Task details => State the count of lines below in which the word "avec" appears, and add nothing.

(Data begins)

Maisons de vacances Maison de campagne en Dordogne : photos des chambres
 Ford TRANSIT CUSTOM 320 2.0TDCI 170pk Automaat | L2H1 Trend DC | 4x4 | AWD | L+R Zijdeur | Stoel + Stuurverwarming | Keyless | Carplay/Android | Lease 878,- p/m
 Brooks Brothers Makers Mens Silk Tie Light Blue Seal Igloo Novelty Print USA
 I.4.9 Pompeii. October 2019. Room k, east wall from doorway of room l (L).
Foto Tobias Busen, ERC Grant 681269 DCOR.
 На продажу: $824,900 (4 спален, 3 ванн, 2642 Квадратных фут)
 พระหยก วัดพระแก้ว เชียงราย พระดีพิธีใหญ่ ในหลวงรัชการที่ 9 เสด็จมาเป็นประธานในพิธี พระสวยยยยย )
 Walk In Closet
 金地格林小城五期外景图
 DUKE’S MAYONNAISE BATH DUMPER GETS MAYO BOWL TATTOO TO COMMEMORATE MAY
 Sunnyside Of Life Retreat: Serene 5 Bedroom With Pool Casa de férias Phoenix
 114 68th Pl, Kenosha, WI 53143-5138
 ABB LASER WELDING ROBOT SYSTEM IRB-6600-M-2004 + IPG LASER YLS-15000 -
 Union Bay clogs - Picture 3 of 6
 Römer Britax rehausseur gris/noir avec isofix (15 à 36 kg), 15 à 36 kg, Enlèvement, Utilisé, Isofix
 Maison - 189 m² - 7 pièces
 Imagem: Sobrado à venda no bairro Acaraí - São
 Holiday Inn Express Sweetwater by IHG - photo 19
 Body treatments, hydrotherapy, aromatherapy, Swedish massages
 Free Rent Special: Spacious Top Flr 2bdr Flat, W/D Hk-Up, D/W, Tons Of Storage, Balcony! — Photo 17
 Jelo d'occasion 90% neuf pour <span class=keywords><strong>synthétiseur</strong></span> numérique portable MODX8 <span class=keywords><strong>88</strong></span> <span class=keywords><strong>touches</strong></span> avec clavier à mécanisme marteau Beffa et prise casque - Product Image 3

(Data ends)

Solution to the exercise => 2